Identifiers and Relationships
Identifiers (identifiers) are any identifiers applied to records. These identifiers may allow tracking records (as in the case of collector numbers), reference other resources (e.g., GenBank numbers), or form relationships among specimens (such as hosts of parasites).
Background
Arctos is built on the premise that each catalog record will gather all the information known about the object or record, especially resolvable, unique links to external and online resources. The Extended Specimen Network is one way to describe the Arctos implementation of Linked Open Data principles (LOD) of machine-readable interlinkages across the internet. Identifiers and relationships between records are the working blocks of LOD.
Arctos originally created identifiers from a paired identifier type and value. This worked reasonably well for short periods of time and small numbers of well-defined identifiers. However, over time and with increased users, cryptic references to people (the “ABC” in ‘ABC 123’) become lost or ambiguous. Less-precise identifiers create the possibility that several unrelated series are mixed under a type.
Agent-Based Identifiers
Arctos Agents are entities that perform or represent an action or activity, which may refer to a person, an organization, an institutional catalog, etc. Many “traditional” identifiers clearly reference Agents, just in ambiguous and nonpersistent ways. Arctos has made this connection explicit; all identifier values may now be “issued by” an Agent whether a person, organization or other discoverable entity.
Benefits of the Agent-Based model
- Agents in Arctos are capable of carrying extensive metadata, including relationships to other Agents (e.g., child of, division of), dates of existence, alternate names, and external references. This supports choosing precisely the correct “type” of identifier.

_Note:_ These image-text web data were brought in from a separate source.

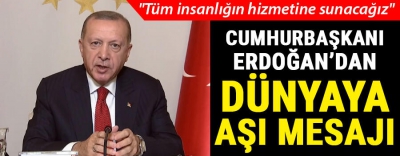 Son dakika: Başkan Erdoğan 12. Halifax Uluslararası Güvenlik Forumu'na video mesaj yolladı.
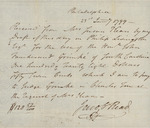 Jacob Reed to Susan Kean, January 23, 1799 by Joseph Read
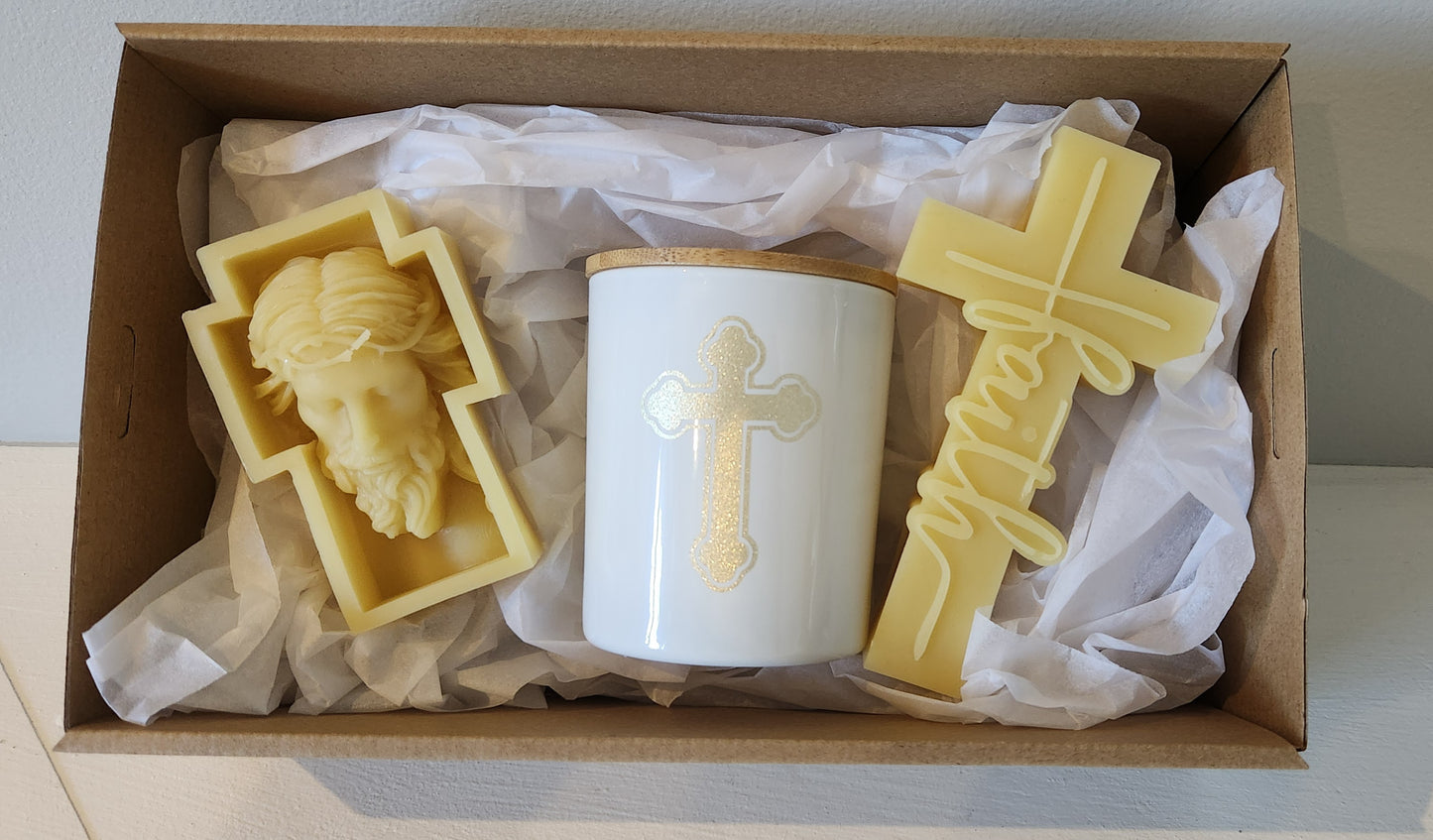 Faith Beeswax Gift Pack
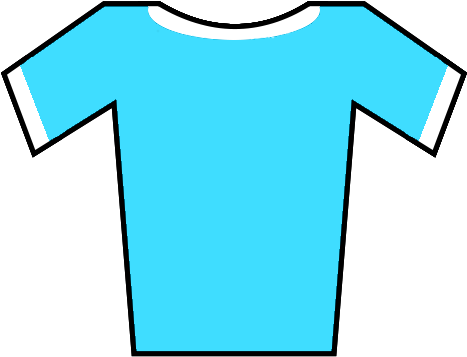 Soccer Jersey Sky-white - Cycling Jersey (500x400), Png Download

- This model readily supports very specific and context-dependent identifiers. A short-lived project within a bigger project within a section within a division of a department of an organization is easy to handle and search, for example.
- This model also supports vague or low-information identifiers with the flexibility to enhance and expand knowledge of the Agent to one of high data quality. A “something about the organization, we don’t know more at this time” identifier can simply be linked to the organization as a whole, where it will be found in general searches, and made more specific when and if such information surfaces.
- Agents are expected to be multitudinous, and agent-involved UIs are developed to deal with thousands of similar things distinguishable by metadata.
- Agent name-string changes do not break or muddy the explicit connection between agents and identifiers. E.g. a person may change their name and thus their initials; the Agent-Based identifier model makes it explicit that “JMM 454” and “JMA 455” are indeed part of the same series.
- Agents with similar “identifier abbreviations,” once entered properly, cannot easily be confounded.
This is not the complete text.